Seattle biotech firm halts enrollment in cancer-drug trial
Cell Therapeutics said late Friday it has halted enrollment in its most important clinical trial because of premature deaths among patients...
Seattle Times business reporter
Cell Therapeutics said late Friday it has halted enrollment in its most important clinical trial because of premature deaths among patients taking its experimental cancer drug.
James Bianco, chief executive of the Seattle company, said the deaths do not appear related to any safety problems with its drug, Xyotax.
In an interview, Bianco would not say how many patients enrolled have died among the 200 women with lung cancer. But he acknowledged there were more deaths in the group receiving Xyotax than another receiving a standard chemotherapy drug. Further analysis is needed to sort out the reasons, he said.
Bianco said most of the deaths have been attributed to disease progression — meaning the advancement of the patient's cancer. The study's patients have advanced lung cancer, with a life expectancy of 8 to 10 weeks.
The company said it expects results from the study to be delayed by at least six months while the data is studied.
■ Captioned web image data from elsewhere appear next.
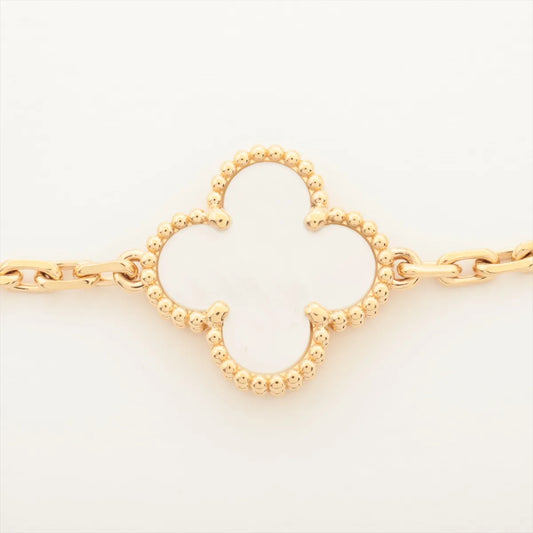 Van Cleef & Arpels Vintage Alhambra 5 Motifs Mother of Pearl Bracelet - photo 2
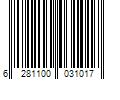 Barcode Image for UPC code 6281100031017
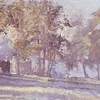 Painting of House and Park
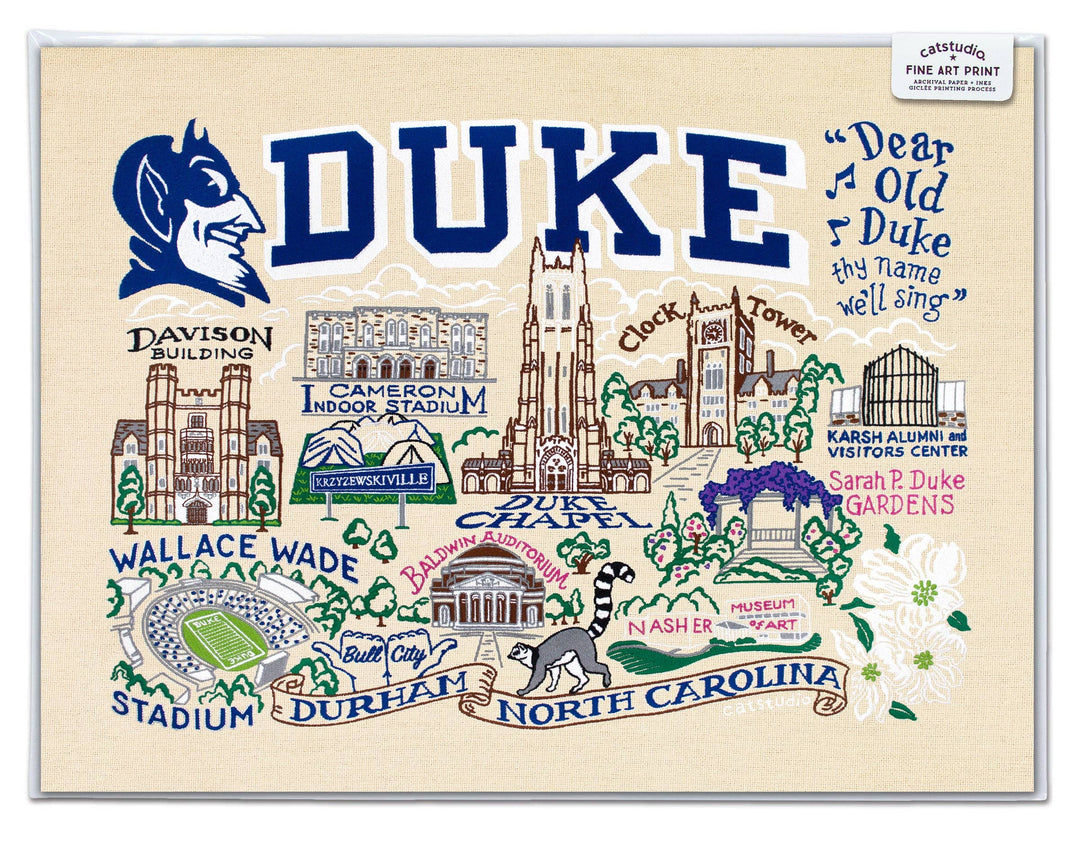 Duke University Collegiate Fine Art Print: 8"x10"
That could have a financial impact on the company, which has regularly run low on cash.
Cell Therapeutics said it made the decision to halt enrollment voluntarily after getting advice from doctors on the study and an independent safety-monitoring committee.
The study, known as Pioneer, has the unusual feature of being limited exclusively to women with lung cancer. It began enrollment at 170 medical centers around the world in April, and is designed for up to 600 patients.
The company is testing whether Xyotax can prolong patients' lives. Xyotax uses a common chemotherapy agent and modifies it with a polymer intended to make it more tolerable.
Last year, the drug failed to show a survival benefit in three major lung-cancer trials, but the company thought it saw some positive signs in women.
Women who have already enrolled in the study will be able to continue receiving treatment, the company said.
Bianco said the company expects to revise the study when it resumes, to focus on women with normal estrogen levels. He said earlier that Xyotax studies had found a better effect in such women.
Also, said Bianco, "Some of the women in the trial are entering when they are sicker than they probably should be."
The halted trial isn't the first in the company's history. In October 2003, it halted a Xyotax trial in lung cancer and reduced the dose, after "a handful" of patients suffered premature deaths when their infection-fighting white blood cells were wiped out.
This time, Bianco said, his company is using a lower dose from the start, and it thinks the premature deaths are not related to drug toxicity.
Bianco said the delay will not affect the company's newly signed partnership with Swiss drug giant Novartis.
The news was released after markets had closed. Cell Therapeutics shares ended trading unchanged at $1.66.